• _Entries shown_:
+ + +
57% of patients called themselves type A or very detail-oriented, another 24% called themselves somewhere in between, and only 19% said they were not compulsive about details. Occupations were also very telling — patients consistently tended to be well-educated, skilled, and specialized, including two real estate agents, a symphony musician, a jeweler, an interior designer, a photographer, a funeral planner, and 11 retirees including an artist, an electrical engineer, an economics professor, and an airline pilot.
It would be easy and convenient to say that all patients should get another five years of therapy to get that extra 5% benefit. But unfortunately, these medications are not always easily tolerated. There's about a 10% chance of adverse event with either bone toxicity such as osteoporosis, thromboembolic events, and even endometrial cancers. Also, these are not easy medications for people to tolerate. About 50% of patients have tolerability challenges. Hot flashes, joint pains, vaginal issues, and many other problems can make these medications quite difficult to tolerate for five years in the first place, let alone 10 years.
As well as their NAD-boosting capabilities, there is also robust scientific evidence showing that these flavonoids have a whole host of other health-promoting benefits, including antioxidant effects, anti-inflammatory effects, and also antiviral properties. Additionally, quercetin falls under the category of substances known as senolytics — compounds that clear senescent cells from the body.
+ + +
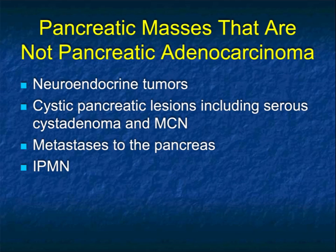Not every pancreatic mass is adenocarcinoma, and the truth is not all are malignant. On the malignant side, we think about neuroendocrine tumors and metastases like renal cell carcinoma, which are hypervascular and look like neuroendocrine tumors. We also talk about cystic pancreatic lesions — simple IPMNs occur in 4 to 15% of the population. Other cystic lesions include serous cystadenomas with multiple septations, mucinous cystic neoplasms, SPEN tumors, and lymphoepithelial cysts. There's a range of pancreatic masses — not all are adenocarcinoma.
+ + +
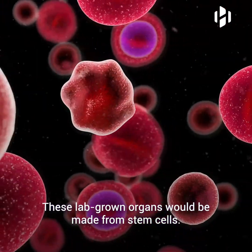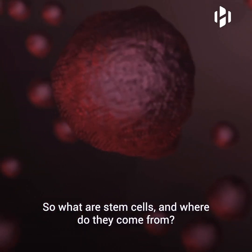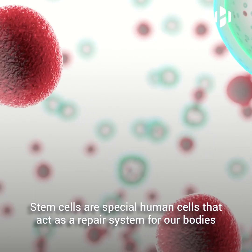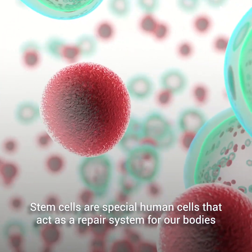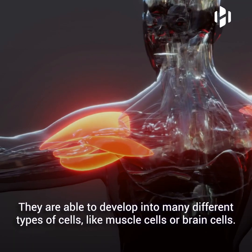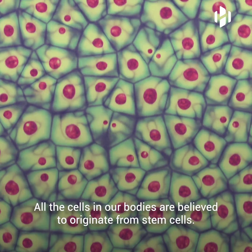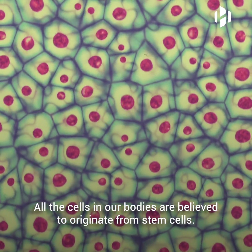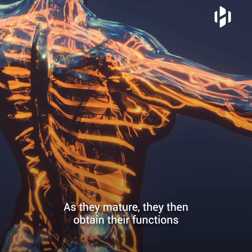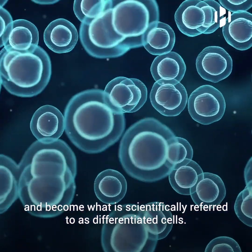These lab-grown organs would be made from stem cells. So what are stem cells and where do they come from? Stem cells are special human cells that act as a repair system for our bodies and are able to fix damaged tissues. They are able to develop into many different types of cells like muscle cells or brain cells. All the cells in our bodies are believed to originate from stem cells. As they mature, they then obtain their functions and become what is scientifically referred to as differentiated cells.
+ + +
• _Goal of the exercise_: Only the lines above from the line with "57% of patients" to the line with "It would be", those two lines included, should be reproduced exactly.

• _Task response_:
57% of patients called themselves type A or very detail-oriented, another 24% called themselves somewhere in between, and only 19% said they were not compulsive about details. Occupations were also very telling — patients consistently tended to be well-educated, skilled, and specialized, including two real estate agents, a symphony musician, a jeweler, an interior designer, a photographer, a funeral planner, and 11 retirees including an artist, an electrical engineer, an economics professor, and an airline pilot.
It would be easy and convenient to say that all patients should get another five years of therapy to get that extra 5% benefit. But unfortunately, these medications are not always easily tolerated. There's about a 10% chance of adverse event with either bone toxicity such as osteoporosis, thromboembolic events, and even endometrial cancers. Also, these are not easy medications for people to tolerate. About 50% of patients have tolerability challenges. Hot flashes, joint pains, vaginal issues, and many other problems can make these medications quite difficult to tolerate for five years in the first place, let alone 10 years.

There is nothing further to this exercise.